I spent the past week building an AI for Solitaire Dice. William created this game for the touch table from the Sid Sackson book “A gamut of games”. The game plays by rolling five dice each round. You pick one die to be the reject and then make two scoring pair from the remaining four dice. Each round you reject a number (1-6) and then score two pairs (2-12). Once you have rejected three different numbers, you always have to reject one of those three if possible. If the five dice don’t contain any of your rejects, you don’t pick a reject and make two scoring pairs from the five dice. Once you have rejected a number 8 times the game is over. Your score is based on how many times you have taken each scoring pair during the game. You lose 200 points if you have scored a number 1-4 times. 0 or 5 times is zero points. You get points for each score >5 and <10. So, the first time you pick a number it cost you 200 points, once you have taken the number five times you are back to zero. Each additional score gives you points based on the number 2 or 12=100, 3 or 11=70, 4 or 10=60, 5 or 9=50, 6 or 8=40, and 7=30. It is a fun game that you get better at as you play.
It is not possible for the computer to look through all the possible games to decide what to do since there are a staggeringly huge number of games. I decided to make the AI score each possible option after each throw. The tricky part is scoring the possibilities. The first step was to build a table of all the possible combinations of the five dice and how likely they are to come up. For example: there is only one way to roll all ones, but getting four ones and one two can happen five ways. For a given roll, the choices that you have depend on the rejects that you have taken so far. So, for each set of three rejects, I looked at each dice combination and built all the choices that you would have. For example: if you are rejecting 1,2 and 3 and you roll 1,3,4,4,5 you can: reject 1, take 7,9; reject 1, take 8,8; reject 3, take 5,9; or reject 3 take 6,8. So this roll give you one way to score 7, three ways to score 8, two ways to score 9, etc.. I then add the number of times you could take each number times that number’s score to the weighting for that number. In the previous example there were three ways to score 8 * 60 ways to roll a 1,3,4,4,5 * 40 points for eight = 19,200. After going through all the possible rolls I had a weighting for each number, repeating for each set of three rejects, I had a strategy of which dice to take based on your rejects.
The next step was to write the actual game AI based on this strategy. The AI played by scoring each possible choice and taking the best scoring choice. The choice’s score is the amount of points you will gain/lose for scoring those dice, plus a factor for getting the set of three rejects that the strategy picked, plus a factor for getting the three rejects picked quickly, plus a factor for keeping the rejects taken a similar number of times, plus a factor for picking scoring pairs that have a high weighting. I picked the relative importance of each of the five factors by hand.

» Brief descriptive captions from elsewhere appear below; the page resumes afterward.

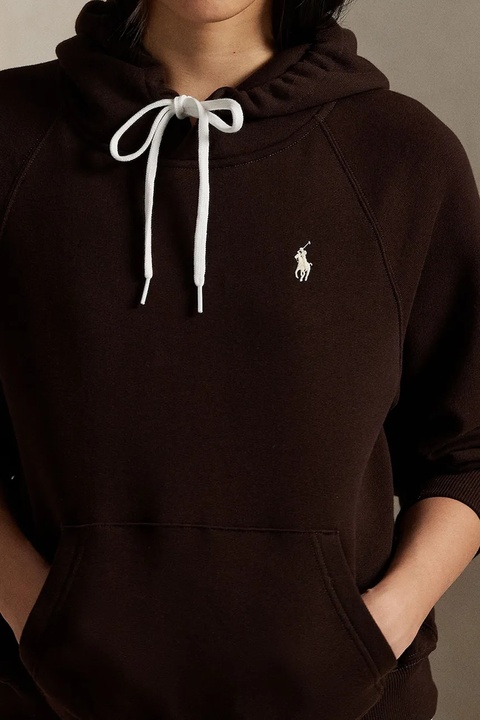 Polo Ralph Lauren bluza damska kolor brązowy z kapturem gładka 211971698 - zdjęcie produktu nr 2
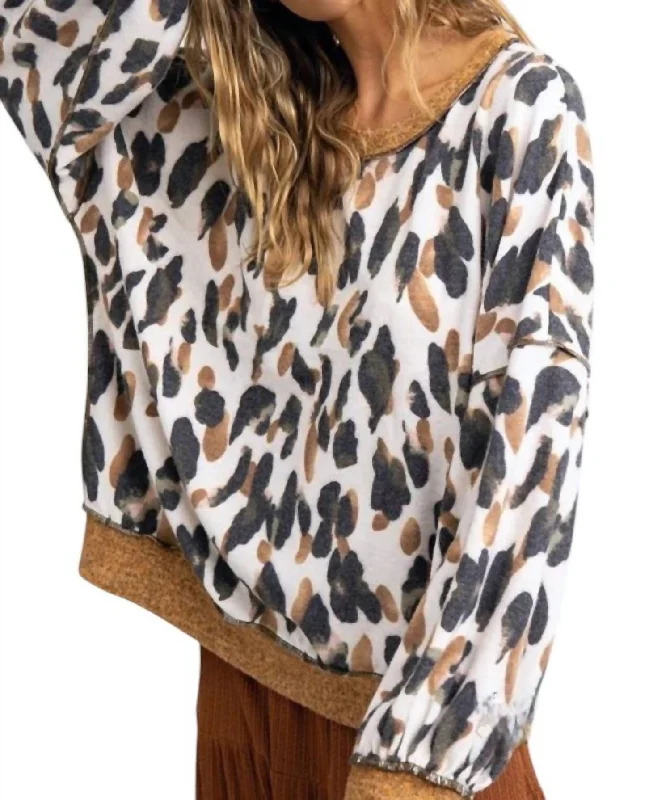 Monique Brushstroke Print Sweatshirt In Olive Multi Hoodie with Double Zipper Versatile Adjustable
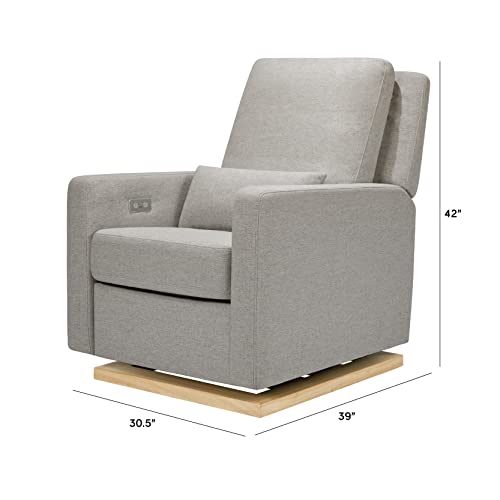 Babyletto Sigi Electronic Power Recliner & Glider with USB Port in Performance Grey Eco-Weave, Water Repellent & Stain Resistant, Greenguard Gold and CertiPUR-US Certified babyletto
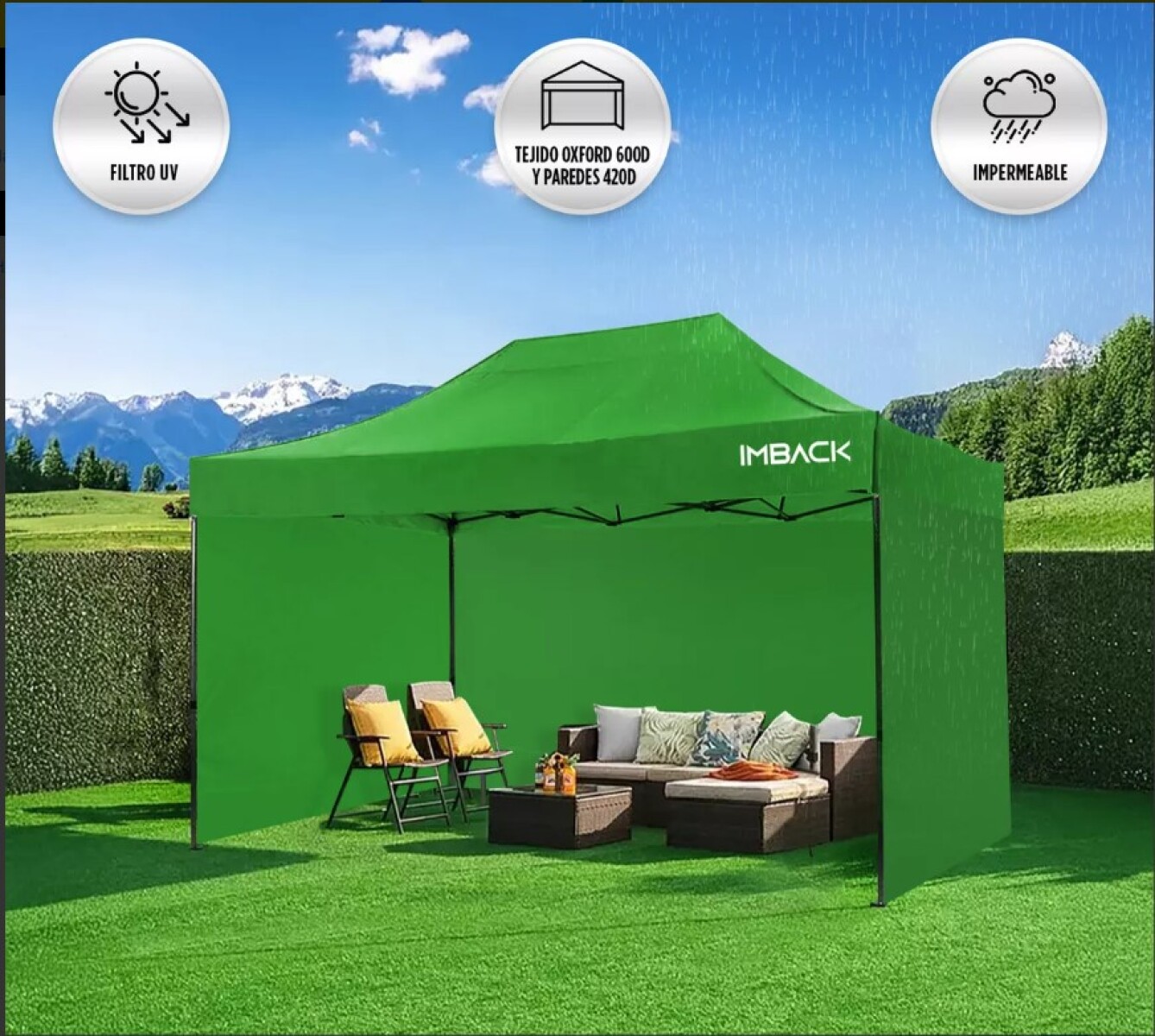 Gazebo Plegable 3x4.5 M Autoarmable 3 Paredes Eventos Playa 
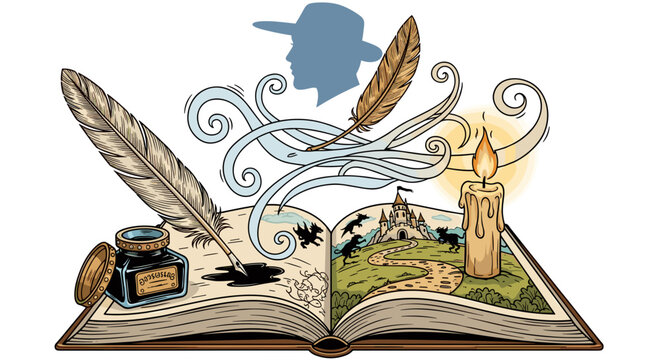 An open book with a castle and quill pens on a with a silhouette of a man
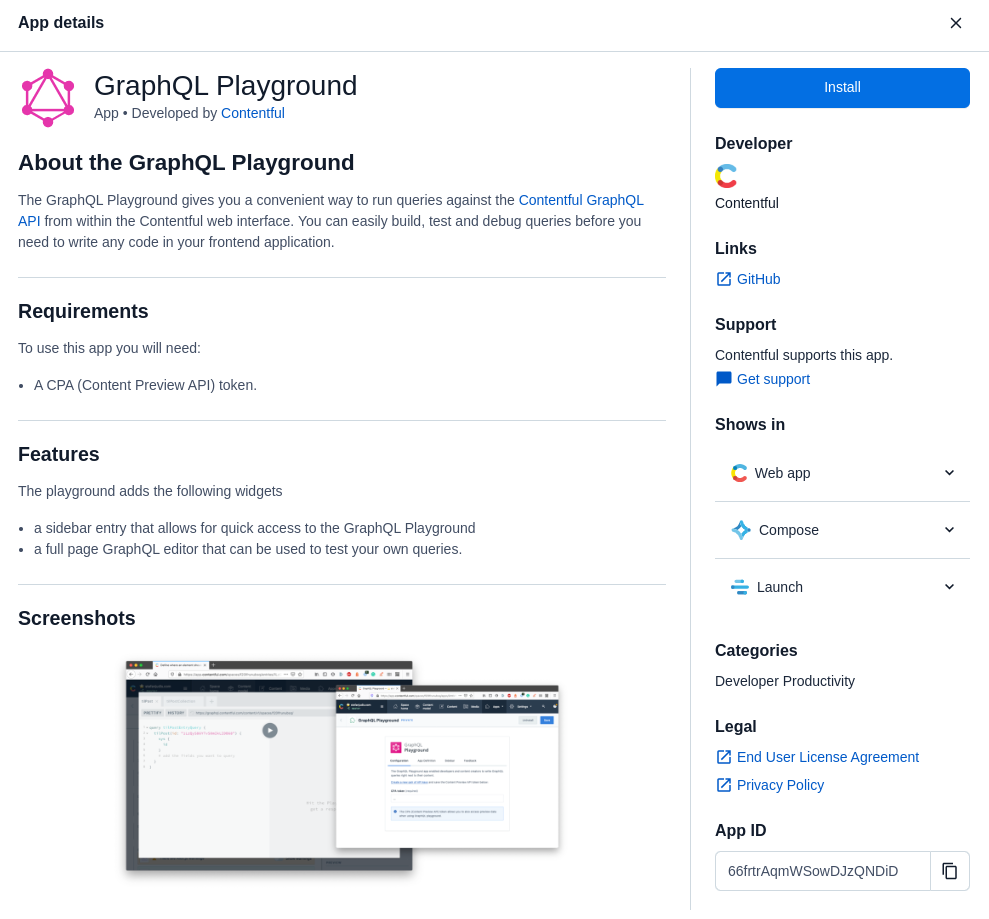 Contentful GraphQL Playground accessed from the Apps menu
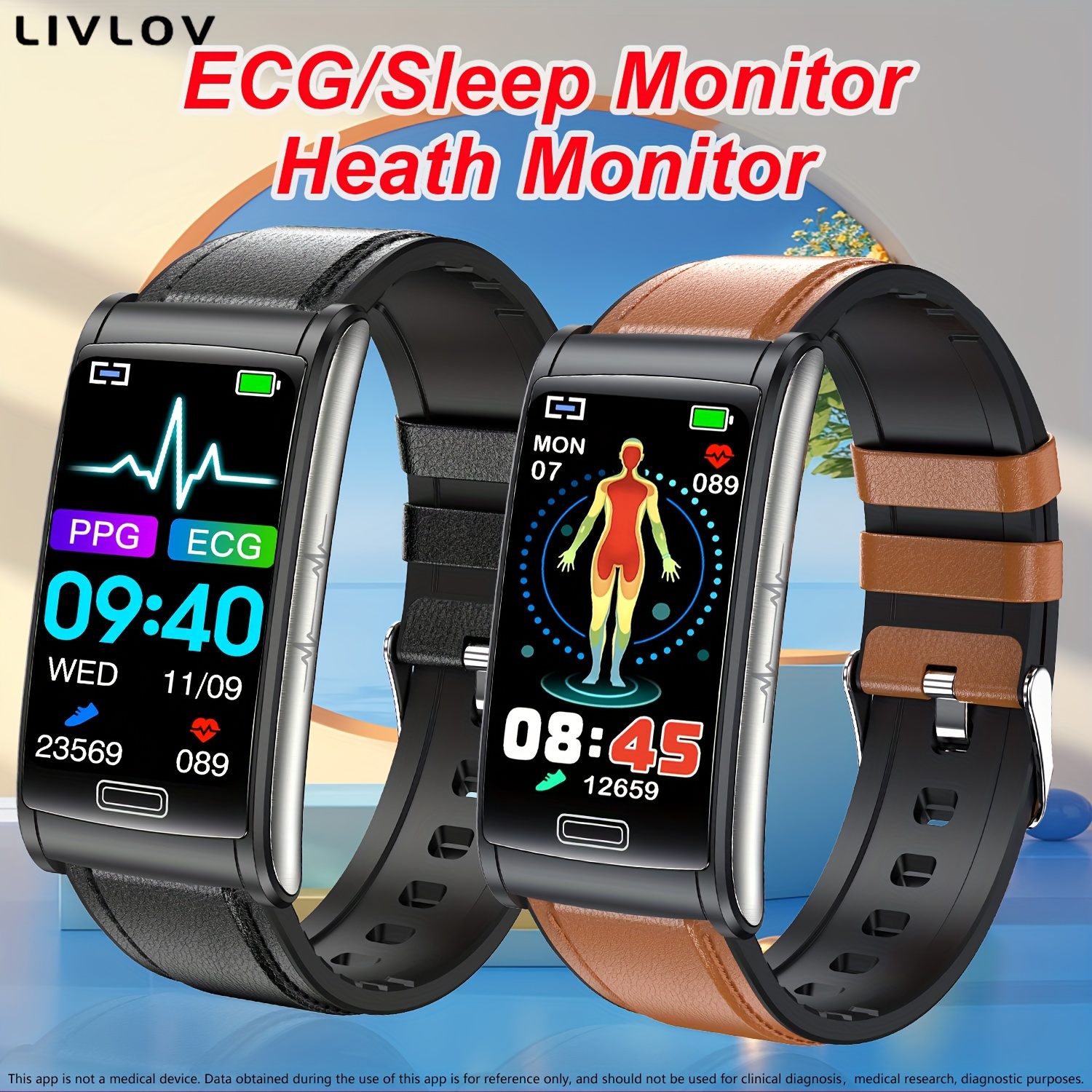 1.91 pantalla táctil reloj inteligente Bluetooth llamando ecg + ppg glucosa  en sangre hrv frecuencia cardíaca presión arterial monitor de temperatura  corporal salud fitness tracker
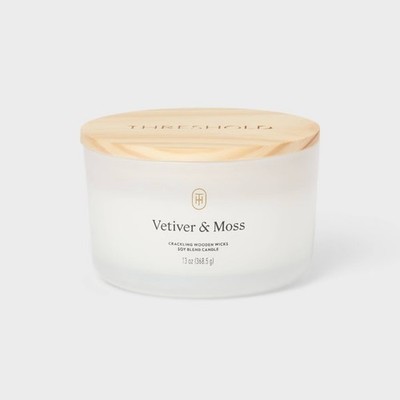 3-Wick Milky Glass Wooden Wick Vetiver and Moss Jar Candle 13oz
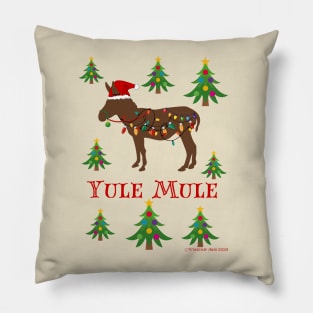 Yule Mule and Christmas Trees Holiday Graphic Pillow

The next step was to make some improvements to the game logic. I wrote some code to handle the fact that scoring two of the same number in one round is not the same as scoring each number separately. I also wrote code to handle the symmetry of the rejects: 1,2,6 is the same as 1,5,6; so if your strategy is to go for 1,2,6 and you have the option to reject a 5, that is just as good. And finally, if you are forced to reject a number outside your strategy, I update the weightings of each scoring number. Once all the play logic was written, the AI was scoring about 0 points for the best set of rejects and -100 to -50 for the other sets of rejects.
The next step was to write code to run the game many many times with different values for the five scoring factors to find the best set. To do this, I create a population of 20 different values and play 50K games. The top scoring set of values is then used to make 20 new strategies. Repeating this 100 times results in a good set of scoring factors. This step improved the AI to an average score of 65 for the best reject set and 10 for the other reject sets. The average human averages -50 and a good player can average +100.